[Extracted data Boundary: Start]

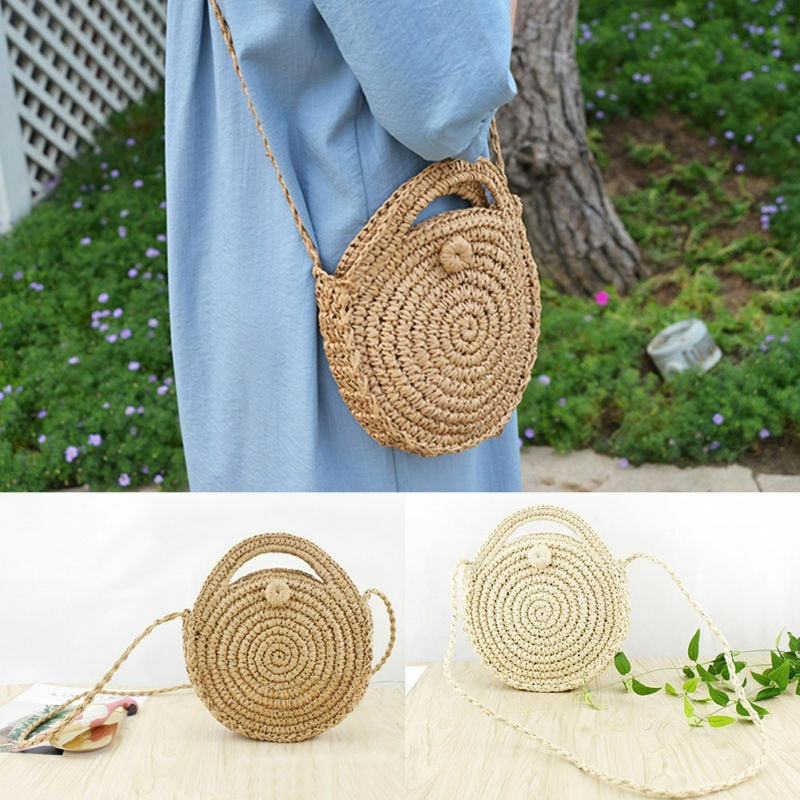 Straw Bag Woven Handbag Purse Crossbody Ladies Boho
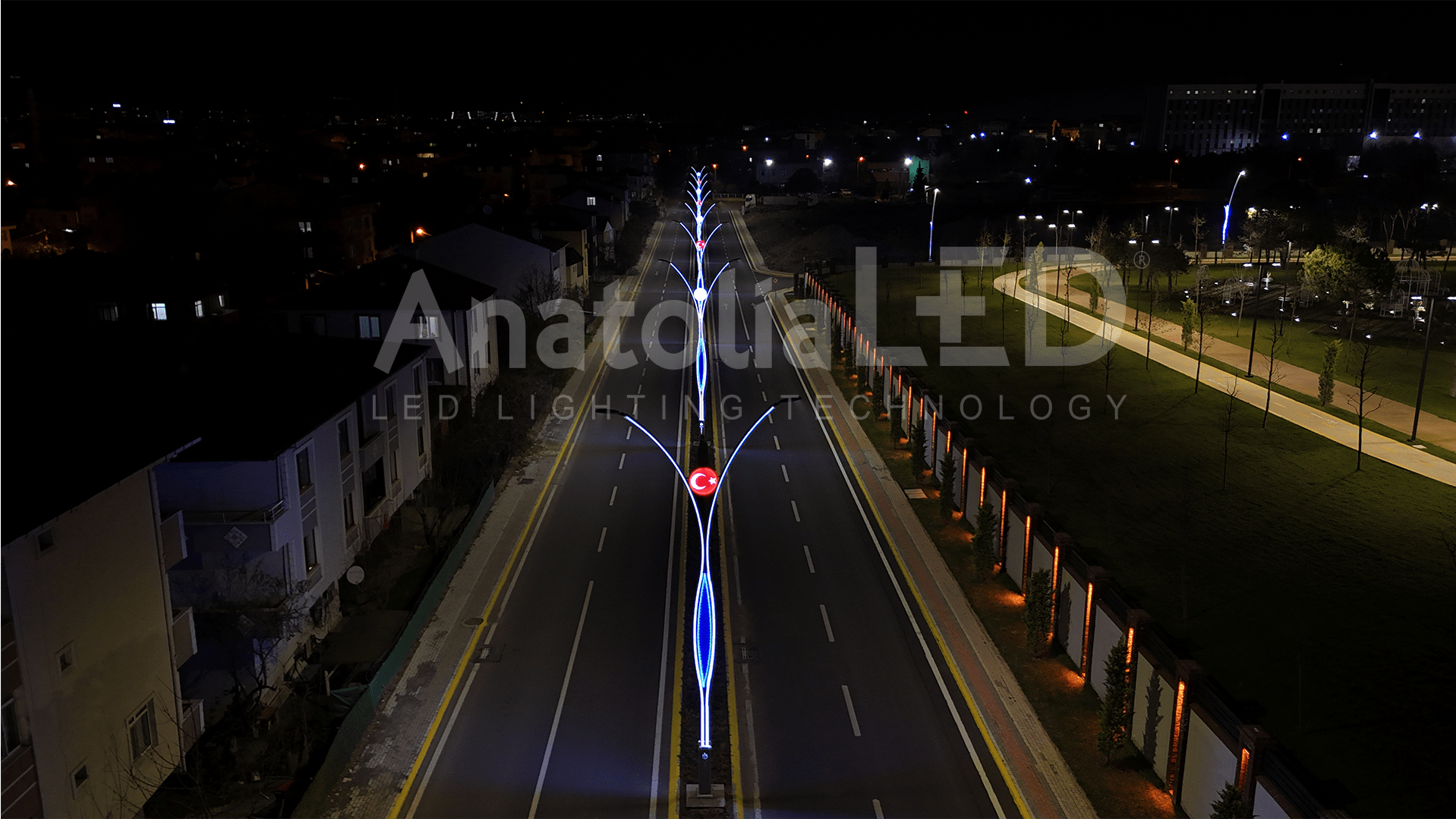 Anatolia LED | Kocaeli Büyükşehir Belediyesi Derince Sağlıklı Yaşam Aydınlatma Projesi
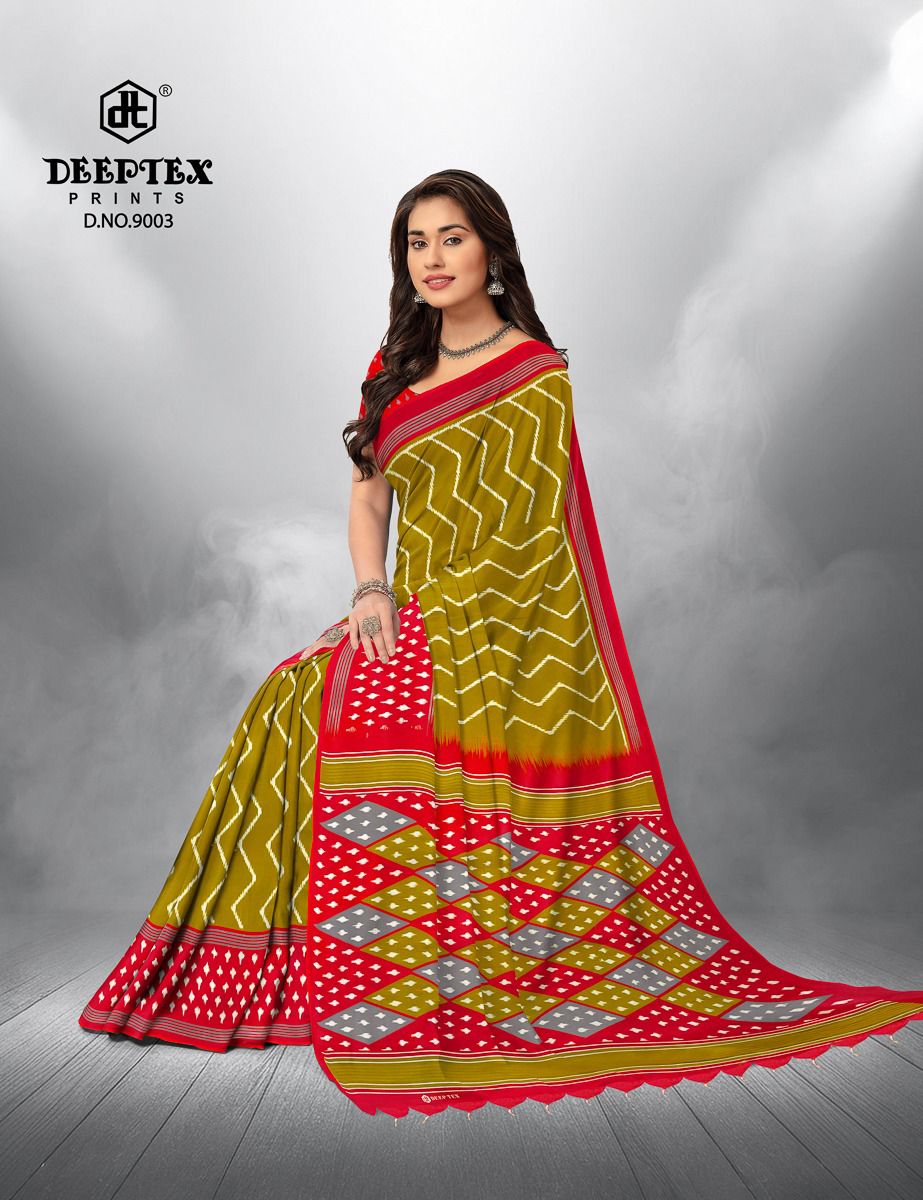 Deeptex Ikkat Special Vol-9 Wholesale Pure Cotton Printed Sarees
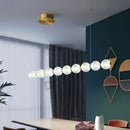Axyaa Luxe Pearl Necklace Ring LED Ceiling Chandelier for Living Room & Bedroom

[Extracted data Boundary: End]
[Extracted data Boundary: Start]

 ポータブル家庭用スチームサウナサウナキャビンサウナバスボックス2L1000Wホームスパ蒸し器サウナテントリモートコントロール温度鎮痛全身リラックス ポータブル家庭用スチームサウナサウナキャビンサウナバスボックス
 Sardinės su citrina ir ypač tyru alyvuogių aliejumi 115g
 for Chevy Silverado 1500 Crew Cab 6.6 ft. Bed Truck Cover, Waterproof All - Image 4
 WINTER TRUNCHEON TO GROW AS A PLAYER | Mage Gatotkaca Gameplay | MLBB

[Extracted data Boundary: End]

-- Task brief --
Give back exactly the lines above from the one with "Anatolia LED |" through the one with "Axyaa Luxe Pearl", both included. Pictures don't belong in the copy.

-- Result below --
 Anatolia LED | Kocaeli Büyükşehir Belediyesi Derince Sağlıklı Yaşam Aydınlatma Projesi
 Deeptex Ikkat Special Vol-9 Wholesale Pure Cotton Printed Sarees
Axyaa Luxe Pearl Necklace Ring LED Ceiling Chandelier for Living Room & Bedroom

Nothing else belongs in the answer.